TO DO –
Exactly as written, reproduce the lines from the beginning of the data through the line containing "Volkswagen Tiguan All Space 2021 full"; the pictures are not reproduced.

_ _ _

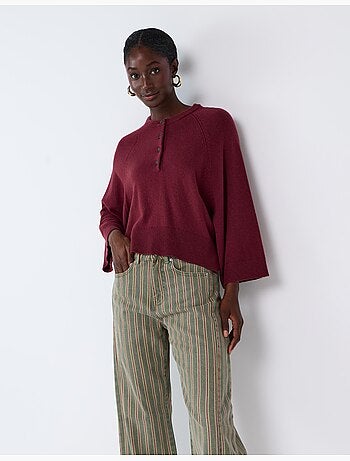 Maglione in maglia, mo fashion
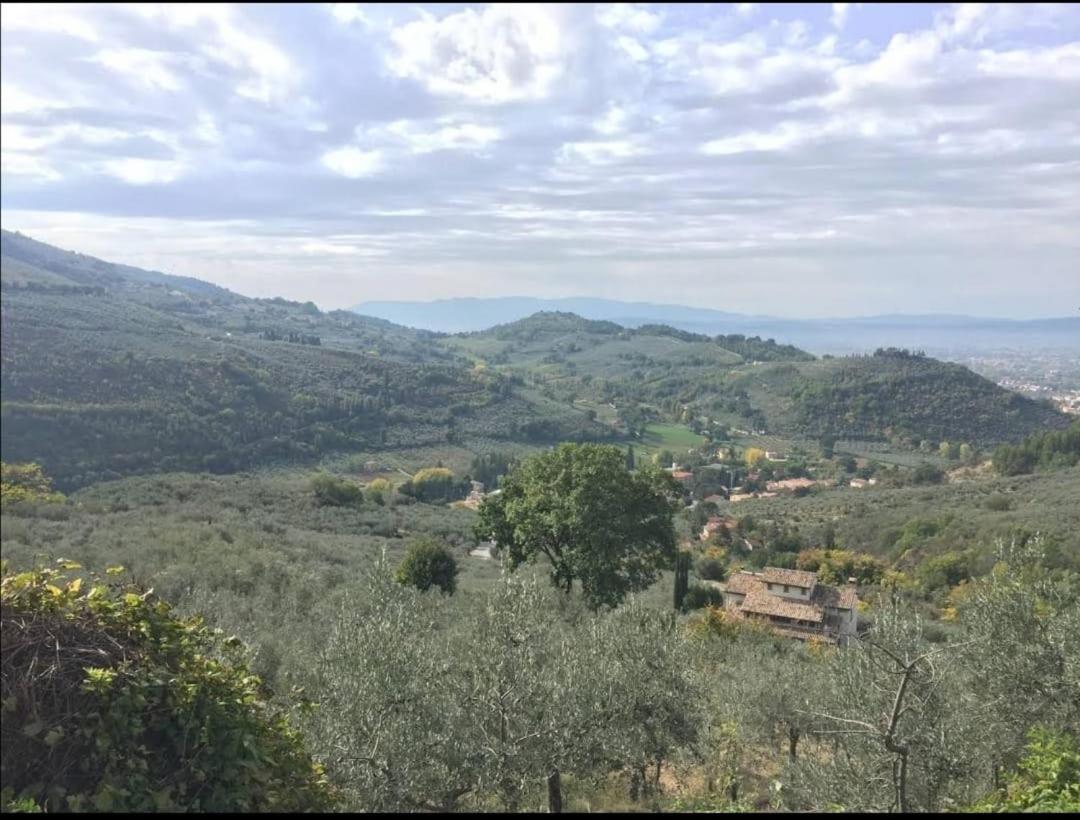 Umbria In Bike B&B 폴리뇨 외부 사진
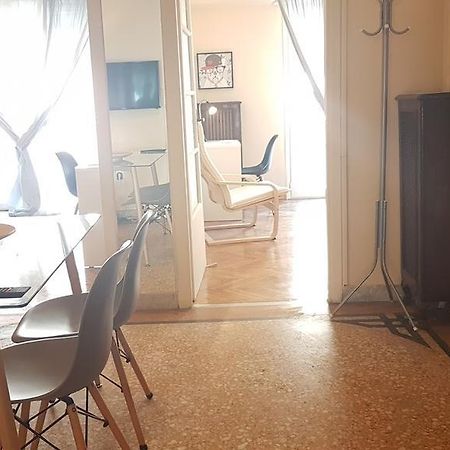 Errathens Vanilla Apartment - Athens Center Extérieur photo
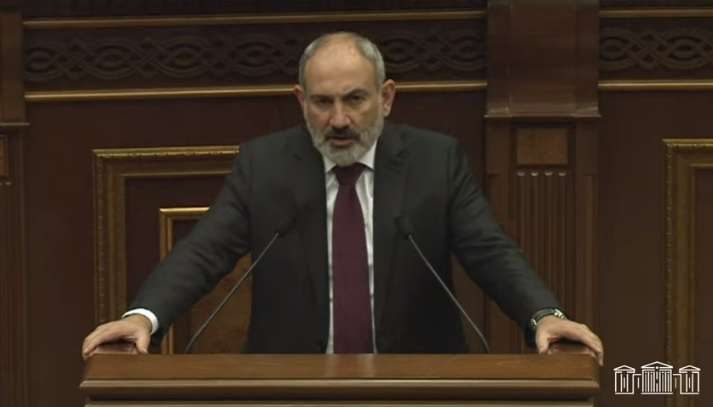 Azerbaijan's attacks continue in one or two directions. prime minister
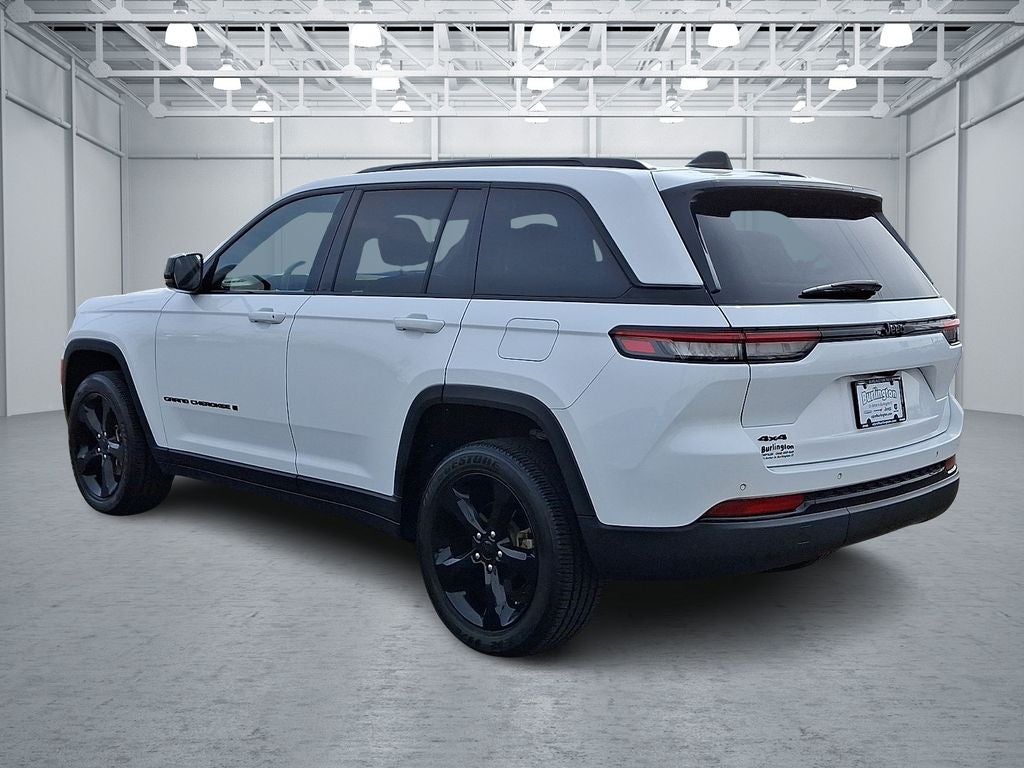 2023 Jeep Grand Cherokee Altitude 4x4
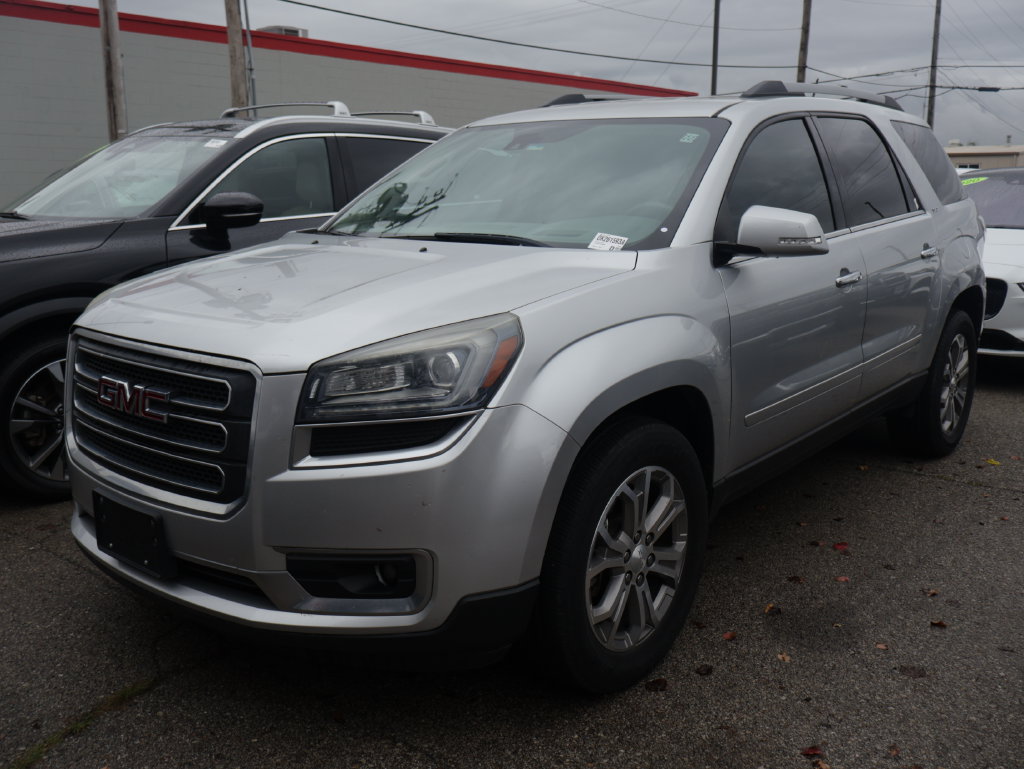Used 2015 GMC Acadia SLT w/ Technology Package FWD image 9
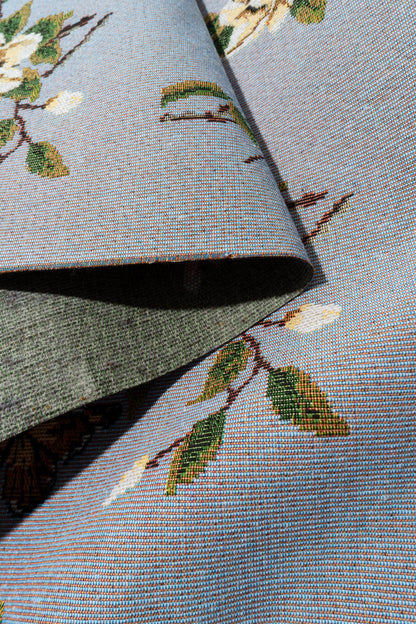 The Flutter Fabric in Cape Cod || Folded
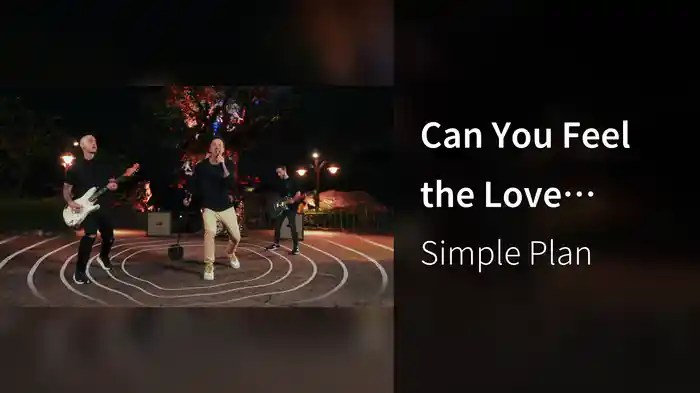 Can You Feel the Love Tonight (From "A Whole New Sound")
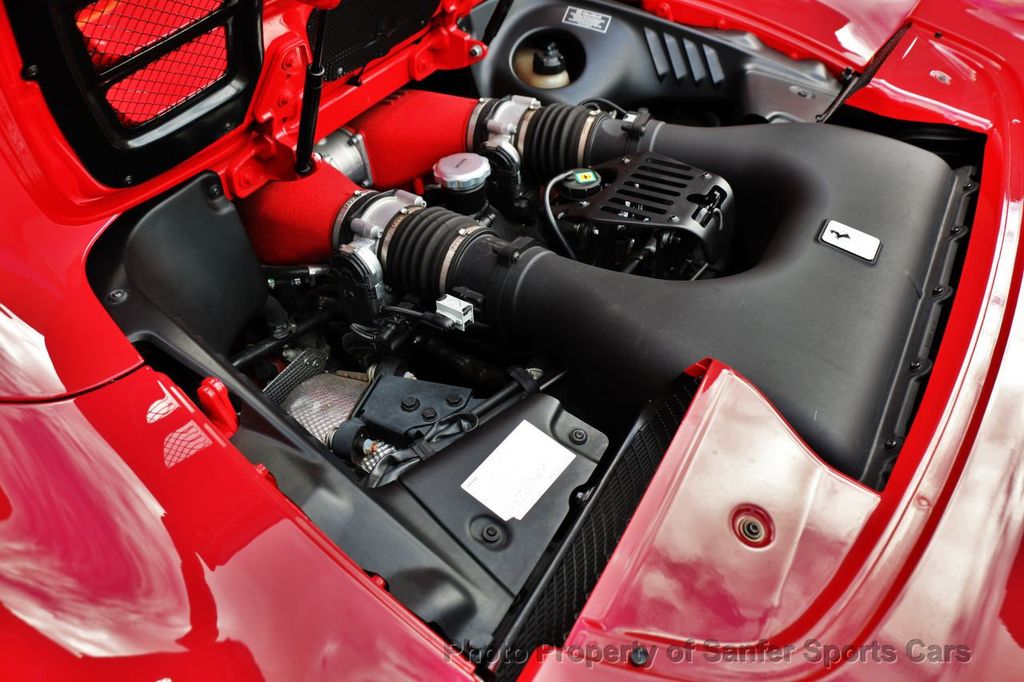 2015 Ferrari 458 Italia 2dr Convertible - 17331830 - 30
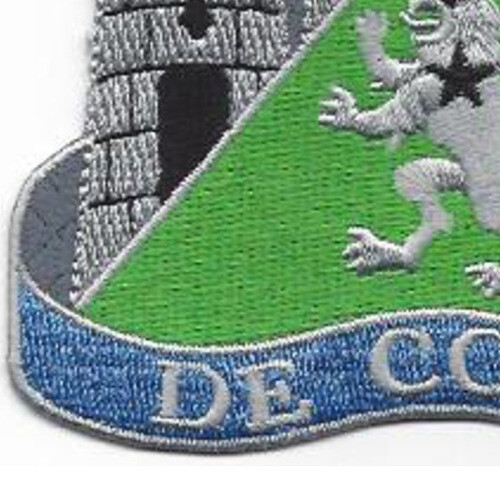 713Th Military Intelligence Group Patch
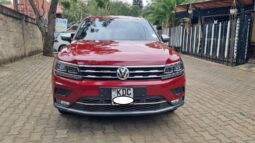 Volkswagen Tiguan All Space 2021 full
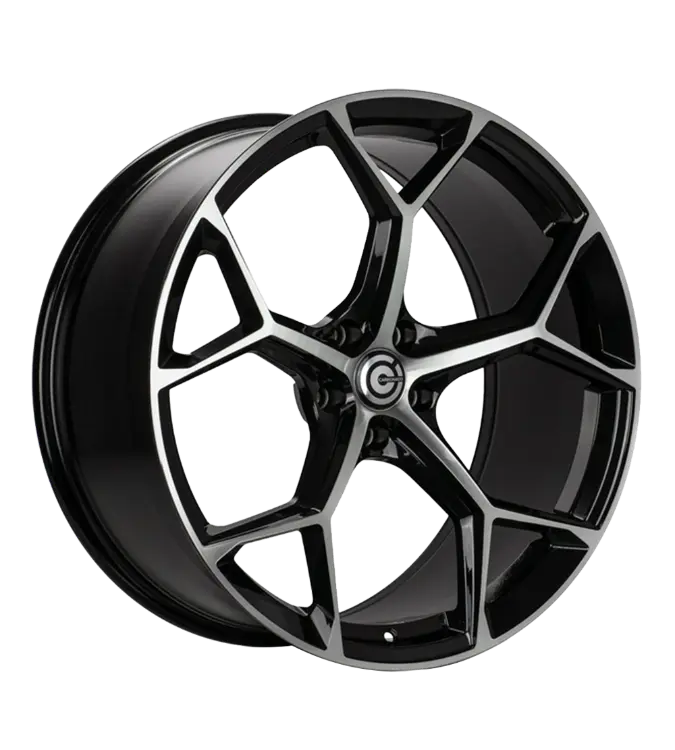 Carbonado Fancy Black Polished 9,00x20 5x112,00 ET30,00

_ _ _

RESPONSE –
 Maglione in maglia, mo fashion
 Umbria In Bike B&B 폴리뇨 외부 사진
 Errathens Vanilla Apartment - Athens Center Extérieur photo
 Azerbaijan's attacks continue in one or two directions. prime minister
 2023 Jeep Grand Cherokee Altitude 4x4
Used 2015 GMC Acadia SLT w/ Technology Package FWD image 9
 The Flutter Fabric in Cape Cod || Folded
 Can You Feel the Love Tonight (From "A Whole New Sound")
 2015 Ferrari 458 Italia 2dr Convertible - 17331830 - 30
 713Th Military Intelligence Group Patch
 Volkswagen Tiguan All Space 2021 full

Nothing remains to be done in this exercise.